▶ Listed records
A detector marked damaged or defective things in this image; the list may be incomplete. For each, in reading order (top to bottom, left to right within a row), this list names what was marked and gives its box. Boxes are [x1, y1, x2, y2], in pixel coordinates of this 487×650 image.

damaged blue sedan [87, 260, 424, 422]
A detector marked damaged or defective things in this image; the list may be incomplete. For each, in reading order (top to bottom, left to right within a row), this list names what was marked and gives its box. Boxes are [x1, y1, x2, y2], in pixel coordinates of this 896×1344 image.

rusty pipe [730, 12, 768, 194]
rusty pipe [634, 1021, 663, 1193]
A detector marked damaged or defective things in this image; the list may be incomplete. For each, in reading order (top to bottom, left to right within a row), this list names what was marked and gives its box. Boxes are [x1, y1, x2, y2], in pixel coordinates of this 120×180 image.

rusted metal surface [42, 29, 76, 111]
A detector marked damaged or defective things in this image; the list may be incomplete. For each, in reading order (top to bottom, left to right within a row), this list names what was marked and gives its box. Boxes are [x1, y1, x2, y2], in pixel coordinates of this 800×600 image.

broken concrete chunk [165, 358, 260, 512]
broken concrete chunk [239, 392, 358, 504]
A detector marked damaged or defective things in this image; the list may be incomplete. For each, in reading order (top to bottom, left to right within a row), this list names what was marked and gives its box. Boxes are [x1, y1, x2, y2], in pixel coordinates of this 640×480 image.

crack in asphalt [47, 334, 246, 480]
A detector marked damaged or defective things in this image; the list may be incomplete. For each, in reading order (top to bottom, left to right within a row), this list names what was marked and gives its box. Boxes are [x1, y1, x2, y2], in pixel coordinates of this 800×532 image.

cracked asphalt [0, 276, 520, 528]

▶ Aim of the task
Write out, word for word, the line that contains "this 800×600 image." and every line after it through the last line of the listing.

▶ Result for this task
A detector marked damaged or defective things in this image; the list may be incomplete. For each, in reading order (top to bottom, left to right within a row), this list names what was marked and gives its box. Boxes are [x1, y1, x2, y2], in pixel coordinates of this 800×600 image.

broken concrete chunk [165, 358, 260, 512]
broken concrete chunk [239, 392, 358, 504]
A detector marked damaged or defective things in this image; the list may be incomplete. For each, in reading order (top to bottom, left to right within a row), this list names what was marked and gives its box. Boxes are [x1, y1, x2, y2], in pixel coordinates of this 640×480 image.

crack in asphalt [47, 334, 246, 480]
A detector marked damaged or defective things in this image; the list may be incomplete. For each, in reading order (top to bottom, left to right within a row), this list names what was marked and gives its box. Boxes are [x1, y1, x2, y2], in pixel coordinates of this 800×532 image.

cracked asphalt [0, 276, 520, 528]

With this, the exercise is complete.